**WHAT YOU SHOULD DO:**
Exactly reproduce the lines from the one containing "Best Color Palettes" through the last line of the data, both ends included, leaving out pictures.

*** Begin section ***

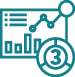 icon of a performance chart with graphs and dollar signs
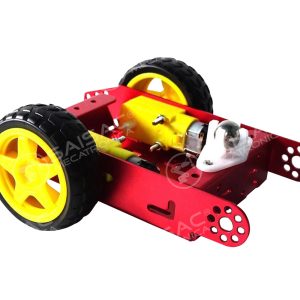 CHASIS DE ALUMINIO 2WD MBOT-ROJO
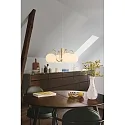 Nordlux Luminaria colgante FRANCA E14 IP20, brillante, latón, blanco regulable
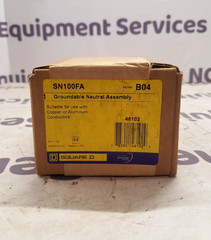 Square D SN100FA Groundable Neutral Assembly 100A Ser B04 100 Amp
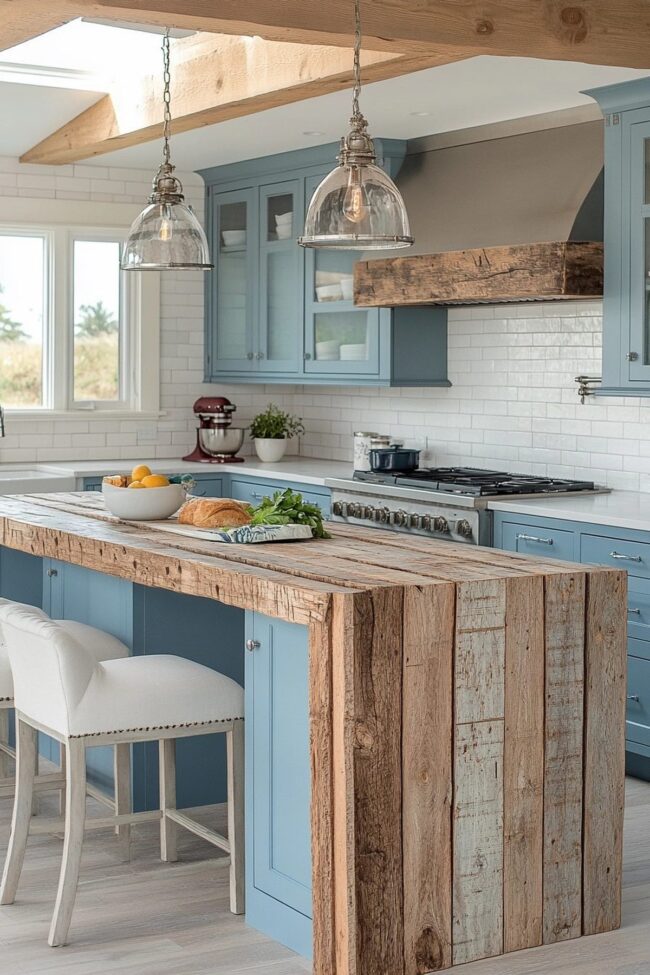 Best Color Palettes for a Coastal Preppy Kitchen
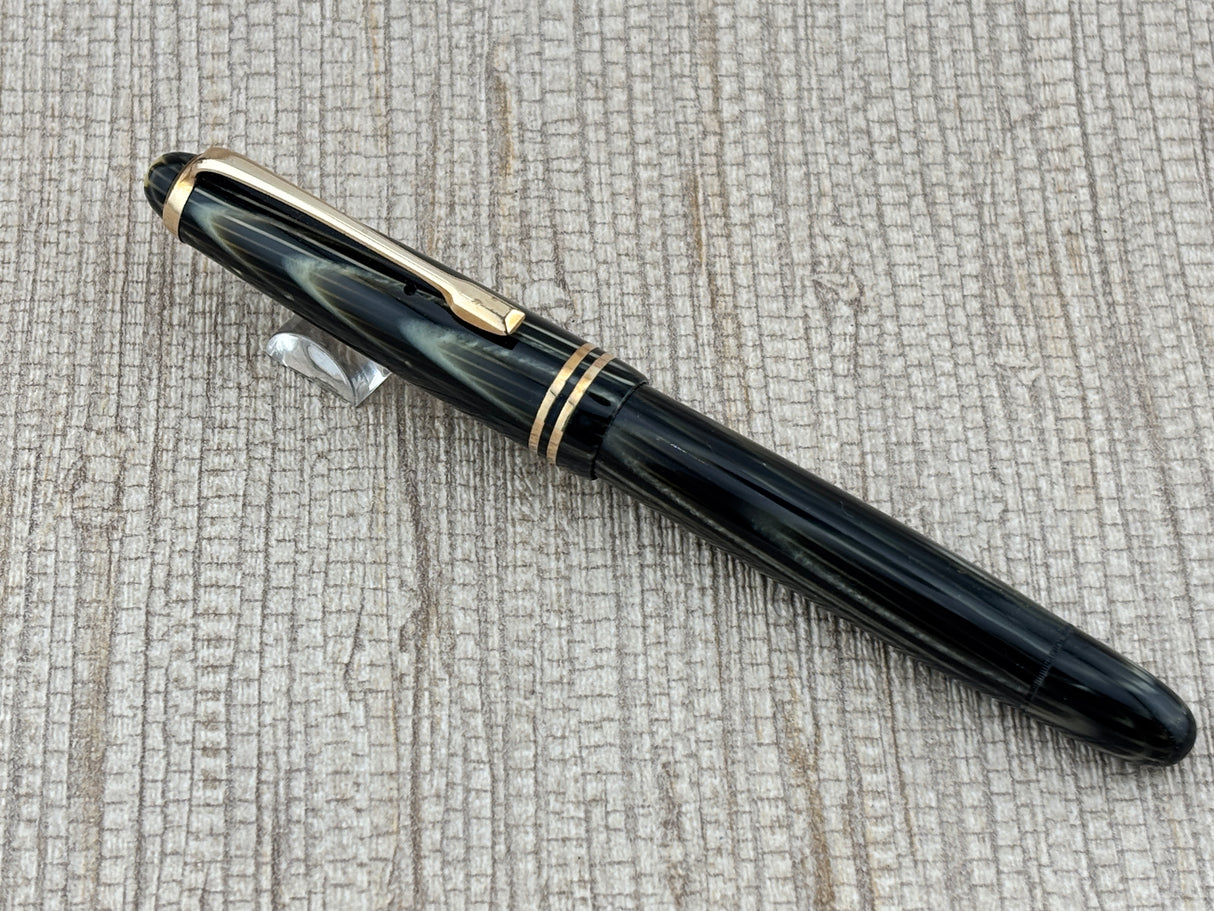 Montblanc 242 Grey Tiger Eye OBB Nib!  condition - condition! - Fountain Pen
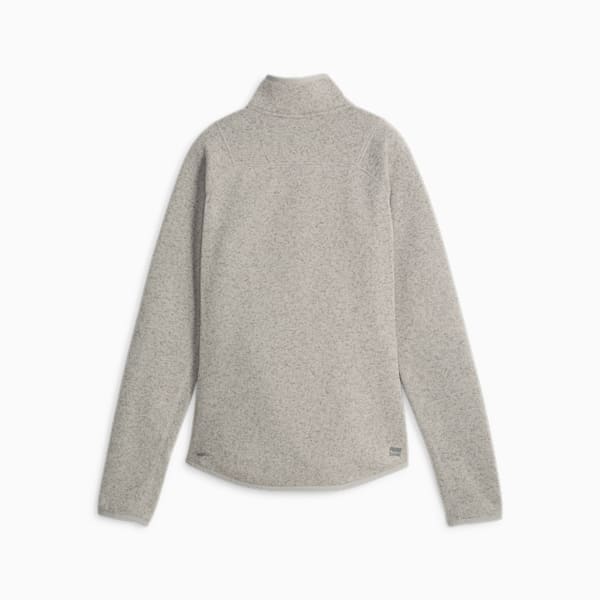 ウィメンズ ランニング シーズンズ  1/2 ジップ フリース, Concrete Gray Heather, extralarge-JPN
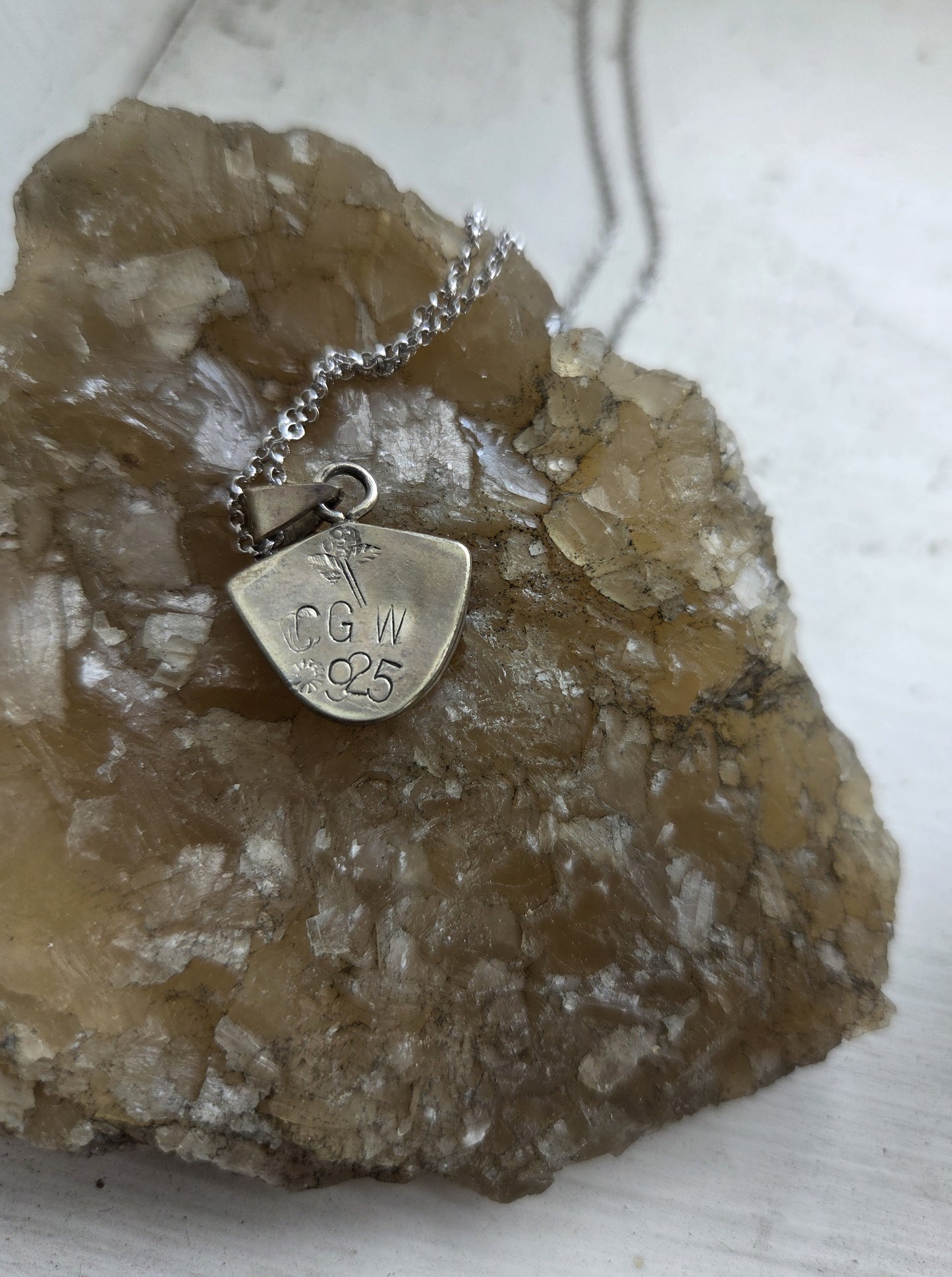 Red Jasper Necklace Pendant - Sterling Silver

*** End section ***

**ANSWER TO THE EXERCISE:**
 Best Color Palettes for a Coastal Preppy Kitchen
 Montblanc 242 Grey Tiger Eye OBB Nib!  condition - condition! - Fountain Pen
 ウィメンズ ランニング シーズンズ  1/2 ジップ フリース, Concrete Gray Heather, extralarge-JPN
 Red Jasper Necklace Pendant - Sterling Silver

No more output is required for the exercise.